==== Data section

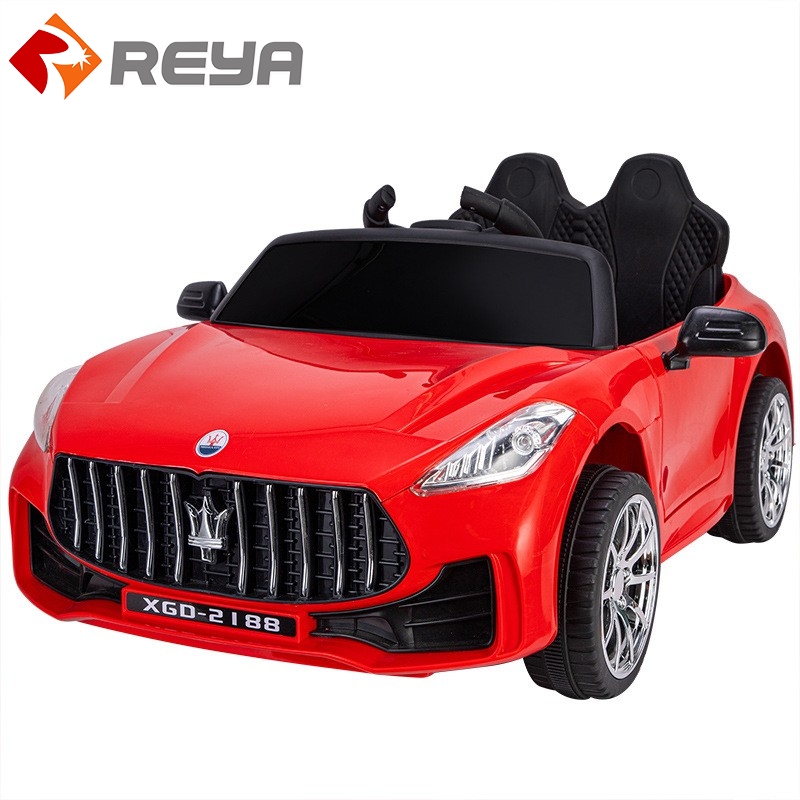 Hot Selling Children 's Electric Car Four - wheel Remote Control Baby Toy Car Can Sit in Adult Double Child Car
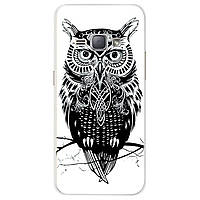 Чехол Print для Samsung J1 2016 / J120 силиконовый бампер с рисунком Owl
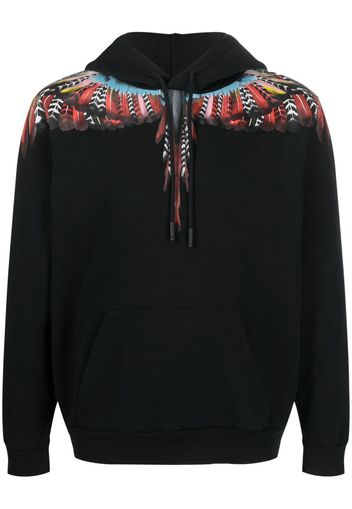 Marcelo Burlon County of Milan Grizzly Wings cotton hoodie - Nero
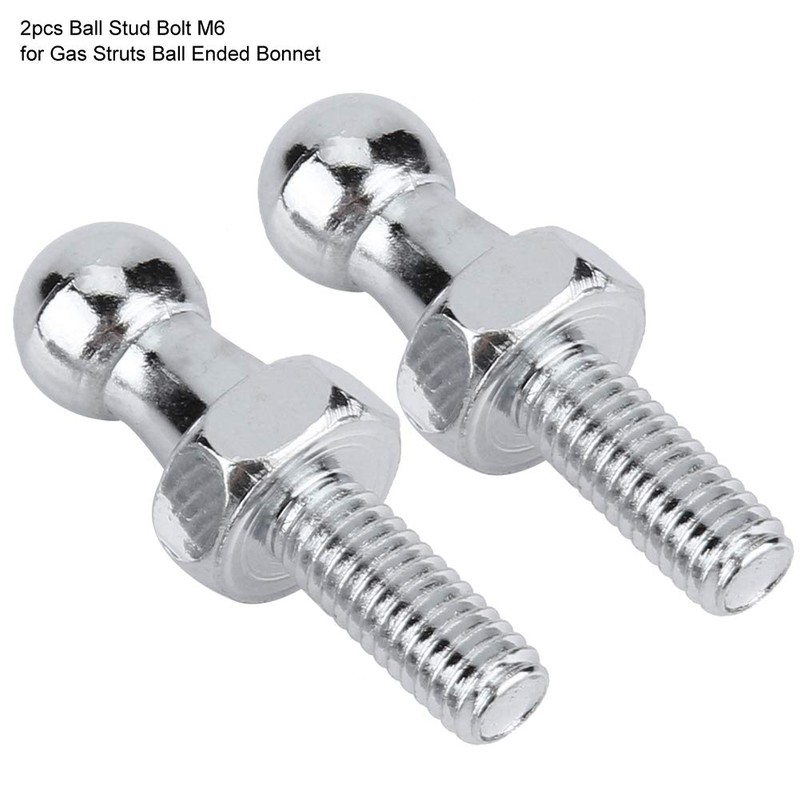 Ball Stud, Fydun 2 Pieces Ball Bolts Galvanised Steel 10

========

* **Your instructions**:
Write out exactly the lines running from the one with "Marcelo Burlon County" through the end of the material, both ends included, while leaving the pictures out.

* **Answer box**:
 Marcelo Burlon County of Milan Grizzly Wings cotton hoodie - Nero
 Ball Stud, Fydun 2 Pieces Ball Bolts Galvanised Steel 10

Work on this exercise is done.